Minimum reproducible example

def DALIPipeline(
    batch_size, num_threads, device_id, tfrecord_files, tfrecord_index_files, device, current_worker, num_workers
):
    pipeline = dali.pipeline.Pipeline(
        batch_size=batch_size,
        num_threads=num_threads,
        device_id=device_id,
    )
    with pipeline:
        inputs = fn.readers.tfrecord(
            path=tfrecord_files,
            index_path=tfrecord_index_files,
            features={
                "image": dali.tfrecord.FixedLenFeature((), dali.tfrecord.string, ""),
                "label": dali.tfrecord.FixedLenFeature([1], dali.tfrecord.int64, -1),
            },
            random_shuffle=True,
            initial_fill=SHUFFLE_BUFFER_SIZE,
            num_shards=num_workers,
            shard_id=current_worker,
        )

        images = inputs["image"]
        labels = inputs["label"]

        labels = fn.one_hot(labels, num_classes=len(CLASSES))

        images = fn.decoders.image(
            images,
            device="mixed",
            preallocate_height_hint=640,
            preallocate_width_hint=384,
            bytes_per_sample_hint=640 * 384 * 3,
        )
        images = fn.color_space_conversion(
            images,
            image_type=dali.types.DALIImageType.RGB,
            output_type=dali.types.DALIImageType.GRAY,
        )
        images = fn.cast(images, dtype=dali.types.DALIDataType.FLOAT, device=device)
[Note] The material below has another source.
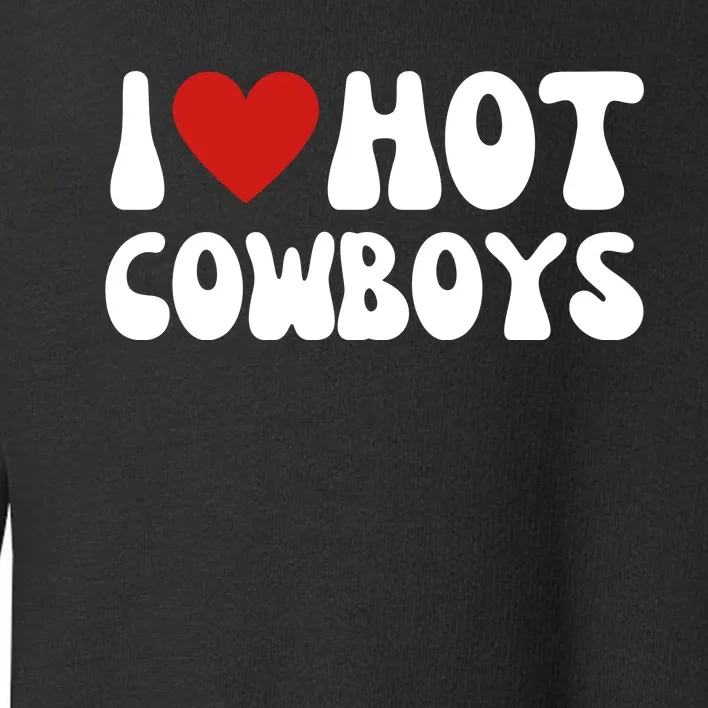 I Love Hot Cowboys I Heart Cowboys Funny Country Western Toddler Sweatshirt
        labels = labels.gpu() if device == "gpu" else labels

        pipeline.set_outputs(images, labels)

    return pipeline

def dataset_fn(input_context = None) -> tf.data.Dataset:
    with tf.device("/gpu:0"):
        pipeline = DALIPipeline(
            batch_size=BATCH_SIZE,
            num_threads=NUM_CPU,
            device_id=0,
            tfrecord_files=RECORD_SHARD_PATHS,
            tfrecord_index_files=INDEX_SHARD_PATHS,
            device="gpu",
            current_worker=0,
            num_workers=1,
        )

        return DALIDataset(
            pipeline=pipeline,
            batch_size=BATCH_SIZE,
            output_shapes=((BATCH_SIZE, 640, 384, 1), (BATCH_SIZE, len(CLASSES))),
            output_dtypes=((tf.float32), (tf.float32)),
            device_id=0,
            fail_on_device_mismatch=False,
        )

def train():
    # strategy = tf.distribute.MultiWorkerMirroredStrategy()
    strategy = tf.distribute.MirroredStrategy()
    # strategy = tf.distribute.OneDeviceStrategy("/gpu:0")
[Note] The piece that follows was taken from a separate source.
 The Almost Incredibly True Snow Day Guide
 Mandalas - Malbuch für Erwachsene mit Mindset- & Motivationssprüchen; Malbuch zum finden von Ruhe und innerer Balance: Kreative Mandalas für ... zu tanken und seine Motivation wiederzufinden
    input_options = tf.distribute.InputOptions(
        experimental_place_dataset_on_device=True,
        experimental_fetch_to_device=False,
        experimental_replication_mode=tf.distribute.InputReplicationMode.PER_REPLICA,
    )
    # Used only with MirroredStrategy.
    dataset = strategy.distribute_datasets_from_function(dataset_fn, input_options)
    # Used with every other strategy. 
    # dataset = strategy.distribute_datasets_from_function(dataset_fn)
    # Used with no strategy.
    # dataset = dataset_fn()
    
    # Context used only with strategies.
    with strategy.scope():
        model = Model()
        model.compile(
            loss=tf.keras.losses.CategoricalCrossentropy(from_logits=True, label_smoothing=0.1),
            optimizer=tf.keras.optimizers.Adam(
                learning_rate=3e-4,
                weight_decay=1e-5,
            ),
            metrics=[
                "accuracy",
            ],
            jit_compile=True,
        )

Relevant log output

No response

Other/Misc.

CUDA 11.8

Check for duplicates

[X] I have searched the open bugs/issues and have found no duplicates for this bug report

Nov 23 '23 10:11 cyanic-selkie

Hello @cyanic-selkie, nice to hear from you again.

Thanks a lot for your work to run these tests.

Is this something that can be easily fixed? How difficult would it be to implement the experimental_fetch_to_device option for other strategies, most notably the MultiWorkerMirroredStrategy. We need this strategy in particular since our infrastructure is made out of A100 MiGs which cannot be addressed individually on a single host.

To best answer this I need to contact some other teams at NVIDIA who we collaborated with on this feature when it was developed. I will get back to you on that.

One important question here is what is your exact software stack? Mainly, do you use upstream TensorFlow or the NGC container?

Nov 23 '23 15:11 awolant

@awolant

One important question here is what is your exact software stack? Mainly, do you use upstream TensorFlow or the NGC container?

We use custom containers with nvidia/cuda:11.8.0-cudnn8-devel-ubuntu22.04 as the base image. We then simply install Tensorflow/DALI via pip inside it.

One important thing that I completely forgot about is that we use tcmalloc.

Our driver version is 525.60.13.

Nov 24 '23 06:11 cyanic-selkie